Using the RBA moved the Step Code away from being an outcome based code, which meant buildings were no longer required to achieve specified performance outcomes. Instead, a hypothetical modelling exercise could be undertaken to demonstrate the building would be a certain percentage better than it could have been, without calculating its actual performance.
What would that outcome-based structure look like?
Outcome based codes are the international best practice as reflected in the UN Framework Guidelines for Energy Efficiency Standards in Buildings, the EU Energy Performance of Buildings Directive, plus numerous papers and reports.
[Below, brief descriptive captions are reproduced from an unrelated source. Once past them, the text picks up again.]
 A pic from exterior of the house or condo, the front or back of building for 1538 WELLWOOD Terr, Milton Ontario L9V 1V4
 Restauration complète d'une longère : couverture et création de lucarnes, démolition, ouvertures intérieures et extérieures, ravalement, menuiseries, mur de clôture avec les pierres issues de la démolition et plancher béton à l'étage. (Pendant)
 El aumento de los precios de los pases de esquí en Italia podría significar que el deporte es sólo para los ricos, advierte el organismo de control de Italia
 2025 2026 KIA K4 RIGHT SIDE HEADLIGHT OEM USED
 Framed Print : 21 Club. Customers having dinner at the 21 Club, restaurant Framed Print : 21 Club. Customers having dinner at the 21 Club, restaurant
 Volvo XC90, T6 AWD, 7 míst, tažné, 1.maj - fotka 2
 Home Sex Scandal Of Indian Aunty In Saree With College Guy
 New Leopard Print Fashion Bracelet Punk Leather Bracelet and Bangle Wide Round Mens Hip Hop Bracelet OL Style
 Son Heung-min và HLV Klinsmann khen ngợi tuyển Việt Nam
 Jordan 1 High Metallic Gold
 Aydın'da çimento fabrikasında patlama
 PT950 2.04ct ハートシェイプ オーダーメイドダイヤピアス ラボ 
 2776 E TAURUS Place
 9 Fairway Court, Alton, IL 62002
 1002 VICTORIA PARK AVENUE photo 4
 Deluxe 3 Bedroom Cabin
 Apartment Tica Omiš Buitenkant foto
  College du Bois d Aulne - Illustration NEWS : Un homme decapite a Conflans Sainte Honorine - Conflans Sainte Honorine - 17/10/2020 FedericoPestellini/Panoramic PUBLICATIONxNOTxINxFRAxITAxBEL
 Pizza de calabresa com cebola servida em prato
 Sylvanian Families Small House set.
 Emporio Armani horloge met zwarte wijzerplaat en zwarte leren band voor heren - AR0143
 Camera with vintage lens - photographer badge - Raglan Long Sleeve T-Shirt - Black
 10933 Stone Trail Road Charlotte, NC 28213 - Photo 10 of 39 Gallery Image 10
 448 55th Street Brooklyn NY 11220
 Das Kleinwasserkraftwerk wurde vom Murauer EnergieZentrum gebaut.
An outcome based code identifies performance targets (or outcomes) measured in energy use intensity metrics. These performance targets set a limit on various uses of energy per square meter of floor area. This approach has been successfully applied across all building types in various climate zones. In Canada, the cities of Vancouver and Toronto use absolute performance targets in their own zero-emissions building plans, and the BC Step Code still does for Part 3 buildings. New Zealand is apparently planning to adopt this approach as well. It’s very similar to the Passive House approach.
But won’t the 2020NBC be an improvement over the previous version?
It may offer modest improvements in some respects, but we are far past the time for small, incremental steps. The RBA simply does not enable our buildings to achieve international norms, or deliver outcomes aligned with our climate commitments and demands increasingly expected by the market.
Our paper highlighted the extent of the gap between what the RBA delivers and what is required. For example, of the first 125 homes permitted under the Step Code in the City of Richmond, none delivered the energy efficiency of the top tier of Step Code targets, or the 80 per cent efficiency gain identified in Clean BC. Furthermore, the RBA is well known to be a significant contributor to the performance gap endemic in our industry – the gap between anticipated and actual performance.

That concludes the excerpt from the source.